EXERCISE GOAL ->
Among the lines below, restate word for word only those from the line with "mph041_1496722639_Tn_RAEL_fqs_PF_Mu_H83_Z_Tz66_U1p3o_63ace4eb2a" through the line with "Bacolux Afrodita Resort&SPA, Herculane", with both end lines kept.

Records from a data source:
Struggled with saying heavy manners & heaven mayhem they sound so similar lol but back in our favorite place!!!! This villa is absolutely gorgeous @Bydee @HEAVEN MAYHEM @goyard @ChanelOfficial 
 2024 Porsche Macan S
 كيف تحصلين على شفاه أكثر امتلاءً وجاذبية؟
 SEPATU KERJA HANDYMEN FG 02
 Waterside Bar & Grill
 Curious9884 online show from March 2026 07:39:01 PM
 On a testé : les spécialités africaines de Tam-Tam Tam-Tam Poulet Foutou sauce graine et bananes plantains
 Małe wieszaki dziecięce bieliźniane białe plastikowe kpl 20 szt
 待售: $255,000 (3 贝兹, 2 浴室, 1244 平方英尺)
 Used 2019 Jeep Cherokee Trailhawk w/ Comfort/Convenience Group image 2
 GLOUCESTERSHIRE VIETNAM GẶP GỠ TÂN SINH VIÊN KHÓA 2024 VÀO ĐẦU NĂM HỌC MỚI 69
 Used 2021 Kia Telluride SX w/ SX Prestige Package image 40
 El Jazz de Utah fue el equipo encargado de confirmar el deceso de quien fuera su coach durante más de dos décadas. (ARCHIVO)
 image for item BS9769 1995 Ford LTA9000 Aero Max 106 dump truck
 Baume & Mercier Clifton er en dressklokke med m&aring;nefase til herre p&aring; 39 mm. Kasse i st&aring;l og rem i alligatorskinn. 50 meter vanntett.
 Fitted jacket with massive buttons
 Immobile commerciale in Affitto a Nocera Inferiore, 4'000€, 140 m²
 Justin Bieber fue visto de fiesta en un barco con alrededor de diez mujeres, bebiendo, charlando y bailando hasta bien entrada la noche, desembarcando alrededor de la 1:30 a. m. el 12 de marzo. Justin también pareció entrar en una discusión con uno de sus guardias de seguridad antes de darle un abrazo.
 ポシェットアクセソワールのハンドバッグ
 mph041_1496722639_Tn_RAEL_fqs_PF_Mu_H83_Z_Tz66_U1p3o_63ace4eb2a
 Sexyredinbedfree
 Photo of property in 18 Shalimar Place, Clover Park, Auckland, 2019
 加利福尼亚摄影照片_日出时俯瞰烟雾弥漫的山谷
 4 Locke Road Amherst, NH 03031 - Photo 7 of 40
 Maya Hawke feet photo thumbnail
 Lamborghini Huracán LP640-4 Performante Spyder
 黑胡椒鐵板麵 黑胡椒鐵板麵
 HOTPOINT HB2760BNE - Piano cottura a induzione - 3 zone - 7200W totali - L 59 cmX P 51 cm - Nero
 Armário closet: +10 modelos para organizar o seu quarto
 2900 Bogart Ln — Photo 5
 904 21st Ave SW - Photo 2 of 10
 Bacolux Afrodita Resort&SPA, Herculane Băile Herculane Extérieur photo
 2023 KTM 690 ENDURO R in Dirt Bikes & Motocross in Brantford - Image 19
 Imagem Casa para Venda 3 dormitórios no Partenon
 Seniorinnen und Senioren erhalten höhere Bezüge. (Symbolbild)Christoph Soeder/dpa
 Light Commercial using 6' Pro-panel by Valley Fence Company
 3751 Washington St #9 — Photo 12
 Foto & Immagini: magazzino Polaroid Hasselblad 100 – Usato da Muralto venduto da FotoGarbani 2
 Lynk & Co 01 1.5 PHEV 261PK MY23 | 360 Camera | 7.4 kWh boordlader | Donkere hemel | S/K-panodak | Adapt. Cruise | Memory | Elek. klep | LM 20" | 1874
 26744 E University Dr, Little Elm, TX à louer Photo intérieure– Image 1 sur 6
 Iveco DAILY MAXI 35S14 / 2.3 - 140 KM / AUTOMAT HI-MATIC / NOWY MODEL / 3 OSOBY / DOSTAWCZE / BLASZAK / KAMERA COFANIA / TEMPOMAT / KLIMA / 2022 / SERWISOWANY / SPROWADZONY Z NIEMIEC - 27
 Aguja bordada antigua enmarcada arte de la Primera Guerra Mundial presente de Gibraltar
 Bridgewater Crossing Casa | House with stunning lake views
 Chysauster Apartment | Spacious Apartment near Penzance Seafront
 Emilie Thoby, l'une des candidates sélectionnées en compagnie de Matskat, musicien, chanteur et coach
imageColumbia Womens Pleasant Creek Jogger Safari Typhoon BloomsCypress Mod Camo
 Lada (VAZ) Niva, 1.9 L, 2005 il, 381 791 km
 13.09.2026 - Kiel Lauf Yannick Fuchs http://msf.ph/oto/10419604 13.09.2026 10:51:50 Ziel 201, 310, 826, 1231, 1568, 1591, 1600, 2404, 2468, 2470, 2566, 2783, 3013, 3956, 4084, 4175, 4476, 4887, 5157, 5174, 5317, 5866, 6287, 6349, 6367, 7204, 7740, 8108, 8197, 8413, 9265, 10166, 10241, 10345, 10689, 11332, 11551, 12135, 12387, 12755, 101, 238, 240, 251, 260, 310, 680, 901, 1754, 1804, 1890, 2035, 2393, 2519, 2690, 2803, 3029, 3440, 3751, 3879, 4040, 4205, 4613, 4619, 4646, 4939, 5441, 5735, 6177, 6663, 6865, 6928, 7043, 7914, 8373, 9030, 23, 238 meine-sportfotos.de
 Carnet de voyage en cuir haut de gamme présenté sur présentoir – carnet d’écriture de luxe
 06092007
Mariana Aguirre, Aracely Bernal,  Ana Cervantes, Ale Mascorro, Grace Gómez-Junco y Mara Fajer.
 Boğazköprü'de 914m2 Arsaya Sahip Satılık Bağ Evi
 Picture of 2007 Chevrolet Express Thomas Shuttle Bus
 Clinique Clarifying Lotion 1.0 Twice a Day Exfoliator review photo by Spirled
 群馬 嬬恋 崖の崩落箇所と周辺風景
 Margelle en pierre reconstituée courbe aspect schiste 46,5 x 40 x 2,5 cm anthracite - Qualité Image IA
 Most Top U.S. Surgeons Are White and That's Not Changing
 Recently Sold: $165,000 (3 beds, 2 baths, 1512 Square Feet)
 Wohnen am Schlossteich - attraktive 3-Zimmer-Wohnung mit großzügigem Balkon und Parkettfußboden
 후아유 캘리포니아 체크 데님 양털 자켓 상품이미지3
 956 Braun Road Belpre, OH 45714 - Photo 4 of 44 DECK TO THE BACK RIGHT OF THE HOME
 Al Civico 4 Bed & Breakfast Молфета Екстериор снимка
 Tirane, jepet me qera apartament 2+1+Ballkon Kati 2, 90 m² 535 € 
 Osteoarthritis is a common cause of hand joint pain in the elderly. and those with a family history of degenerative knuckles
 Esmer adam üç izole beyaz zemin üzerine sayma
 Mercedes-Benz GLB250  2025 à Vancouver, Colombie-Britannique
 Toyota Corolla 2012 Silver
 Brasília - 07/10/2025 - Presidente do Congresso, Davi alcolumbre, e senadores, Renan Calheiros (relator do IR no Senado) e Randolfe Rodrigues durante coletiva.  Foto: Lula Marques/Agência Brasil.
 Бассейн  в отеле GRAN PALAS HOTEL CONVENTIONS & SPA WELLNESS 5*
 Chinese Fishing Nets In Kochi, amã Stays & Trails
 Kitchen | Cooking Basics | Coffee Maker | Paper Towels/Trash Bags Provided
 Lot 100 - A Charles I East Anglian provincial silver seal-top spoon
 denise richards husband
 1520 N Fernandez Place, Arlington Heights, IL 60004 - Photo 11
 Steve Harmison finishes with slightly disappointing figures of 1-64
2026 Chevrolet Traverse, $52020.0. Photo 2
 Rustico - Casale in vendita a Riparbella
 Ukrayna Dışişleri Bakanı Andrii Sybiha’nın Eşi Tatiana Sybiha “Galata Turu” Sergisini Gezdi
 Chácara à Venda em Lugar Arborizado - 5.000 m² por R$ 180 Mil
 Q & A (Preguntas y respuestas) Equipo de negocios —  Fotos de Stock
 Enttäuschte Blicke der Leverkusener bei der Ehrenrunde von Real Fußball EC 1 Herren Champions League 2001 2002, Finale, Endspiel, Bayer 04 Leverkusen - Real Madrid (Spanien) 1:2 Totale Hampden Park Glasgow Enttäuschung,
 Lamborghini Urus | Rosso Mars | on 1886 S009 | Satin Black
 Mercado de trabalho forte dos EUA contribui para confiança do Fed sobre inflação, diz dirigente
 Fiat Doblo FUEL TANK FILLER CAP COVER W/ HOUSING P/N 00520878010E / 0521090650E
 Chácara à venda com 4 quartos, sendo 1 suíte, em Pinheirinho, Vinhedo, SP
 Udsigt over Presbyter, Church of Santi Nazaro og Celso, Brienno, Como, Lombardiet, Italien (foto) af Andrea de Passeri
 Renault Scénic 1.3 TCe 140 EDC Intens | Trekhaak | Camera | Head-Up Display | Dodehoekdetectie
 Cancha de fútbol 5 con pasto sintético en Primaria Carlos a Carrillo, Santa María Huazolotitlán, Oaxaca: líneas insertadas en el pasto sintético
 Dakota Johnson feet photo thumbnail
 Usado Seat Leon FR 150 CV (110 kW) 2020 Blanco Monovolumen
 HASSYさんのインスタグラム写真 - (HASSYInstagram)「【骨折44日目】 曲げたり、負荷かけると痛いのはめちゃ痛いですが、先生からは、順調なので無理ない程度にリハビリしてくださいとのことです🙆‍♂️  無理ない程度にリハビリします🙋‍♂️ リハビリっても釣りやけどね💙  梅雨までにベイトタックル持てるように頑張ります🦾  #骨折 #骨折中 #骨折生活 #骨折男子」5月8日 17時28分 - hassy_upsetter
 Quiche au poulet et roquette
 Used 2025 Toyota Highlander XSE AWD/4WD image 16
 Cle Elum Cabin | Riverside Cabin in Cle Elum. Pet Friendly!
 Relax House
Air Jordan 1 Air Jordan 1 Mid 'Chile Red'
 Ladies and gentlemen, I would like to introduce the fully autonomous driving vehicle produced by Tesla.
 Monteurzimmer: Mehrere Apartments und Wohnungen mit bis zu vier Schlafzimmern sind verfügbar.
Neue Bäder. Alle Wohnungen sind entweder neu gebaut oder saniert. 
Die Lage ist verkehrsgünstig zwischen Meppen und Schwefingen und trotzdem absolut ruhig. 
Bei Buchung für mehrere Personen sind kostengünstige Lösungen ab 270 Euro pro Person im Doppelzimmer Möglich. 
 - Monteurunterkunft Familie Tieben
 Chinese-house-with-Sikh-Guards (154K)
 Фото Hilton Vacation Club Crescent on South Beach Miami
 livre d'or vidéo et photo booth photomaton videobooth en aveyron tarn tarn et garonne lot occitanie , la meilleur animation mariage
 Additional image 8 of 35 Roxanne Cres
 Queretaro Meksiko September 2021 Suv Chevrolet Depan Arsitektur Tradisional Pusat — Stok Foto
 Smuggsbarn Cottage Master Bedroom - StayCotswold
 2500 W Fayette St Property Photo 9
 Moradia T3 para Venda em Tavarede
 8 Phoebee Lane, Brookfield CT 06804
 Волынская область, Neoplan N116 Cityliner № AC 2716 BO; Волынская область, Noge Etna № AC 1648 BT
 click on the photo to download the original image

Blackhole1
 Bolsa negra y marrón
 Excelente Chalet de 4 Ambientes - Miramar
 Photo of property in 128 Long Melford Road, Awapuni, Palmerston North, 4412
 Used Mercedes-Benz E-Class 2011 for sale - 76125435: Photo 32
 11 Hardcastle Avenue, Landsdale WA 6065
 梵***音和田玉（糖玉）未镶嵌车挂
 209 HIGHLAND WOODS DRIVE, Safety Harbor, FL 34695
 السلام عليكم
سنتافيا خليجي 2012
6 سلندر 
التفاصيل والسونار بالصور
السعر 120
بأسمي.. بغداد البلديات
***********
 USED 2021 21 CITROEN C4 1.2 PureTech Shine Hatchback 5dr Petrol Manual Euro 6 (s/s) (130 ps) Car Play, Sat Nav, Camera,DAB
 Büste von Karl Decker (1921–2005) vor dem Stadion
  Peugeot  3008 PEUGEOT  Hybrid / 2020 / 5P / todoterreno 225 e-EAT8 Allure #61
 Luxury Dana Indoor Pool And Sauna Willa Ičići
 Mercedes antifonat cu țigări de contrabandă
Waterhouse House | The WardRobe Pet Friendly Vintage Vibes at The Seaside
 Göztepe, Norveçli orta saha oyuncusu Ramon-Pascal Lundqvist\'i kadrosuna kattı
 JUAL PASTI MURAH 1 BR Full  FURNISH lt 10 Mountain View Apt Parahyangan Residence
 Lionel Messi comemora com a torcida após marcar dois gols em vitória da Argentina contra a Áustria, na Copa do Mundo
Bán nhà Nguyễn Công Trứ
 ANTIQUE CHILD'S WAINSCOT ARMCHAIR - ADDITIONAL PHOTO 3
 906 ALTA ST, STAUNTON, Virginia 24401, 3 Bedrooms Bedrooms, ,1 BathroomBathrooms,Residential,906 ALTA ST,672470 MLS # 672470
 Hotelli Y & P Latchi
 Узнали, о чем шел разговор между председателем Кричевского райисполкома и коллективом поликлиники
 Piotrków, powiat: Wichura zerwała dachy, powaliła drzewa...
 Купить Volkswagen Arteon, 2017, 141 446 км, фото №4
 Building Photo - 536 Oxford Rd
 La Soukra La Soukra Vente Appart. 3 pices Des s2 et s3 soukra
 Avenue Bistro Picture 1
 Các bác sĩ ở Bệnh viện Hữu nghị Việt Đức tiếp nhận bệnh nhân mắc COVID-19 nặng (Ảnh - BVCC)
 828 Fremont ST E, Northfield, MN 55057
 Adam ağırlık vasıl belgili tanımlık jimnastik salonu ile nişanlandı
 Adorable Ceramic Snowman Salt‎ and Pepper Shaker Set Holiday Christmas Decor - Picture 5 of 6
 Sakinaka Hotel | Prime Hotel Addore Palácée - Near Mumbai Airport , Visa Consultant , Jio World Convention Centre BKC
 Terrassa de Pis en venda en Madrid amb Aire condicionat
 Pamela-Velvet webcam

SOLUTION FOR THIS PROBLEM ->
 mph041_1496722639_Tn_RAEL_fqs_PF_Mu_H83_Z_Tz66_U1p3o_63ace4eb2a
 Sexyredinbedfree
 Photo of property in 18 Shalimar Place, Clover Park, Auckland, 2019
 加利福尼亚摄影照片_日出时俯瞰烟雾弥漫的山谷
 4 Locke Road Amherst, NH 03031 - Photo 7 of 40
 Maya Hawke feet photo thumbnail
 Lamborghini Huracán LP640-4 Performante Spyder
 黑胡椒鐵板麵 黑胡椒鐵板麵
 HOTPOINT HB2760BNE - Piano cottura a induzione - 3 zone - 7200W totali - L 59 cmX P 51 cm - Nero
 Armário closet: +10 modelos para organizar o seu quarto
 2900 Bogart Ln — Photo 5
 904 21st Ave SW - Photo 2 of 10
 Bacolux Afrodita Resort&SPA, Herculane Băile Herculane Extérieur photo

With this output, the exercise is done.